The situation improves during the reigns of kings Saul (D1) and Solomon (D2). The Israelites, still in their land, are united in a single sovereign state under the leadership of a functioning king. There is no major internal dissonance, and a sense of political stability reigns. To be sure, neither Saul nor Solomon is perfect: Saul is plagued by his jealousy of David, and toward the end of his life hovers on the brink of insanity. More importantly, he failed in his earlier days as king to fulfill God’s command to wipe out the Amalekite nation.24 Despite Saul’s repentance and prostrations, the prophet Samuel chastises him and foretells the end of his rule: “I will not go back with you,” Samuel says, “for you have rejected the Lord’s command, and the Lord has rejected you as king over Israel.”25 It is for this reason that Saul’s son will not inherit his kingdom. Political stability is not yet complete. (After Saul’s death, it should be noted, the tribes of Israel split and battle each other26—a hint of what is to follow after the reign of Solomon.) But Israel has still come a long way since the time of the judges; progress has definitely been made.
Israel is even more secure under the reign of Solomon, often referred to as the “golden age” in Jewish history. His kingdom extends “from the Euphrates to the land of the Philistines and to the border of Egypt”27; his wisdom is said to exceed that of all the Egyptians28; and finally, unlike his father David, he is permitted to build the Temple in Jerusalem. Yet Solomon, too, is flawed. In violation of the explicit Deuteronomic prohibition against a king keeping too many horses or having too many wives, lest “his heart will be led astray,”29 Solomon does both: He acquires some 1,400 chariots and 12,000 horses30 and “love[s] many foreign women”31—to wit, seven hundred royal wives and three hundred concubines. As a result, and precisely as Deuteronomy cautions, Solomon falls from grace. His “wives turned away [his] heart after other gods, and he was not as wholeheartedly devoted to the Lord his God as his father David had been.”32
And so, as with Saul, God is disappointed in his choice of king, and decrees that the kingdom be taken from his hand. “Because… you have not kept my covenant and the laws which I enjoined upon you, I will tear the kingdom away from you…. However, I will not tear away the whole kingdom; I will give your son one tribe, for the sake of my servant David and for the sake of Jerusalem, which I have chosen.”33 Thus is Solomon, too, denied the ability to bequeath the whole kingdom to his son.
 
IV
Between Saul and Solomon, however, hovers the figure of King David. Unlike both his predecessor and his successor, David achieves such political stability that he is able to bequeath his kingdom in its entirety to his son. Not surprisingly, it is this king who stands at the zenith of our chiasmus (E).

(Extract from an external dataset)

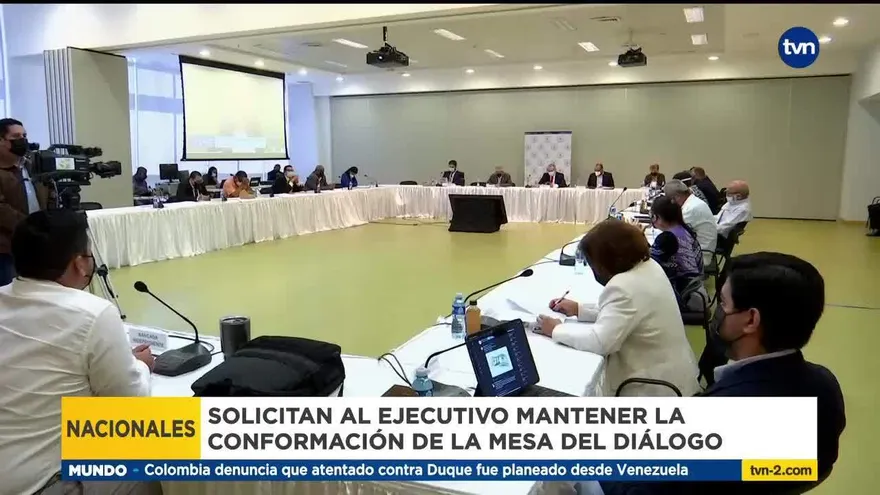 Diálogo de la Caja de Seguro Social pide mantener la conformación de la mesa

David holds a place of honor in the pantheon of biblical history. He forms a viable state from what had hitherto been a collection of agrarian villages and bazaar towns,34 establishes Jerusalem as his capital, and successfully expands the borders of his kingdom. “The Lord,” we are told, “gave David victory wherever he went. David reigned over all Israel, and David executed true justice among all his people.”35 From a purely literary standpoint, David’s reign is portrayed as the very apex of the Israelite monarchy. In the words of biblical scholars Israel Finkelstein and Neil Asher Silberman,
David’s grand destiny unfolds, even as Saul continues to reign. On the field of battle against the massed Philistine armies, David topples the mighty Goliath and earns the acclaim of the nation, enraging King Saul. In a desperate flight into the wilderness to escape from Saul’s murderous jealousy, David further proves his leadership, bravery, and skill. As the chief of a roaming band of mighty men, he settles scores, fends off enemy attacks, exacts God’s vengeance, and distributes captured booty to the oppressed and poor. When Saul dies on the battlefield, David is proclaimed king of Judah and eventually of all Israel as God’s true anointed one, or “messiah.” It is a classic tale of the rise of the young hero, a warrior for the true faith and a man of extraordinary charisma, who assumes the mantle of a failed leader and becomes the embodiment of his people’s hopes and dreams.36
King David is a successful military commander, a powerful statesman, and a religious leader. This tripartite role is demonstrated most effectively in the description of David’s ceremonial transport of the ark to Jerusalem, symbolically combining his political and military prowess with his religious commitment to establishing God’s presence on earth.37 He is also a man of letters, credited with the authorship of much of the book of Psalms.38 Moreover, the Bible repeatedly regards the Messiah as a “shoot… from the stump of Jesse,” i.e., from David’s father.39
David’s rule is the pinnacle of the Bible’s chiastic structure and, by extension, of the nation’s biblical history. During David’s reign, the Israelites dwell securely in their own land: united, autonomous, their sovereignty unquestioned. David provides his people with military protection from its enemies. He is a political genius, and is able to maintain internal cohesion. He is also a man of God, and a musical and literary genius. In his day, Israel flourishes both physically and spiritually—precisely the situation a commonwealth is intended to make possible. With David, the Bible’s original ideal for humanity as expressed immediately after the Flood—of a people living in its land, speaking its language, and celebrating its culture—is fully realized.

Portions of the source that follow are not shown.